SEO Best Practices for Website Analytics

  • Measure KPI’s – Key performance indicators are specific data metrics that are directly correlated with site success, and should be measured over a period of time with a specific goal in mind.  Google analytics can be configured to measure specific pages views and actions (goals & events), which can be tied directly to KPI’s.  The important thing here is to be tracking, analyzing, and improving KPI’s over time.
  • Filter Data! – Website analytics platforms are great for tracking and sorting data, but the goal of analytics is to gain knowledge that can be directly applied to ongoing SEO strategy, to do this you must filter!  Filter by various time periods, new visitors, organic traffic, CTR, bounce rate, keyword, pages per visits, etc.  The more this data is filtered the more insights can be found, use advanced filters to drill down even further.
  • Examine Long-Term Trends – It is important to not only examine weekly and month over month data, but also extended trends.  Look at 6 months, 1 year, 2 years and try to understand where your SEO efforts, search-engine updates, and website status changes have intersected to yield your current results to date.  SEO is always changing; at the site level, link level, and search engine level.
  • Don’t forget Webmaster Tools! –  Both Google and Bing offer webmaster tool platforms that allow webmasters access to additional data from the search engines not available in analytics platforms.  Webmaster tools will notify you of crawl errors and site hacking, show link data, and allow you to diagnose on-page SEO issues.  Making sure everything is “all good” in webmaster tools should be a  top ongoing priority.

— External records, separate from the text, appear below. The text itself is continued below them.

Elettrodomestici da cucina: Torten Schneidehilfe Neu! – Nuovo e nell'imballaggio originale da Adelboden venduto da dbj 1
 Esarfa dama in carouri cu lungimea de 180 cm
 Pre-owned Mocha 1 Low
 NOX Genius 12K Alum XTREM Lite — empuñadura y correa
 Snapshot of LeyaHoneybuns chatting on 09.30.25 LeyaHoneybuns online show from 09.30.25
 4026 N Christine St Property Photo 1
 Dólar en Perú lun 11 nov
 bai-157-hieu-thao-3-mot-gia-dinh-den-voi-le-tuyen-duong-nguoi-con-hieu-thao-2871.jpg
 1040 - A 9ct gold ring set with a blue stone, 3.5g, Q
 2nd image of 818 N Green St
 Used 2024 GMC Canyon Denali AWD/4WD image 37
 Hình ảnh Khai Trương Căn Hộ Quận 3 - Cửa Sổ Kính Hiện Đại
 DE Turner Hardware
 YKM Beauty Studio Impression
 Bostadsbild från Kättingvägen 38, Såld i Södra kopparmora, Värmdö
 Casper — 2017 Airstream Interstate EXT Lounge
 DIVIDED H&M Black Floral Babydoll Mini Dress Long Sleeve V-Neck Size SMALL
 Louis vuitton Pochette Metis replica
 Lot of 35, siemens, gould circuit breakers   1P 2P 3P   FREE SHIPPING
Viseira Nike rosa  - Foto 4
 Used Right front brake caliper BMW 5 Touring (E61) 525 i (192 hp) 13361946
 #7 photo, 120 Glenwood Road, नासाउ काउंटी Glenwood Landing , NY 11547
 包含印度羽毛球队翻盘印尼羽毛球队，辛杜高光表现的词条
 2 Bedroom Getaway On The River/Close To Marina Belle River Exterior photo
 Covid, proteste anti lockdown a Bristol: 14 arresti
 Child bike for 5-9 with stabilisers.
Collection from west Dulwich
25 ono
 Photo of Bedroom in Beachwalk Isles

Our SEO best practices in 2013 are finally starting to come in line with the recommendations Google has been making for years but not enforcing.  Creating well-researched content that fulfills user needs, delivered through a high quality user experience that encourages people to share with others.  Well the promised land is here and if you were one of those people complaining of spammers dominating the search rankings, your opportunity to show why your better is here!

SEO is still highly relevant, but our best practice should now be centered around providing relevant content to real people online; in a smart way that will yield valuable visits, interactions, shares, and links.  SEO still needs to be applied, but the technical tricks are on their way out.  Today’s SEO analyst needs to be a savvy digital marketer who leverages a deep understanding of organic search, rankings strategies, and conversion optimization.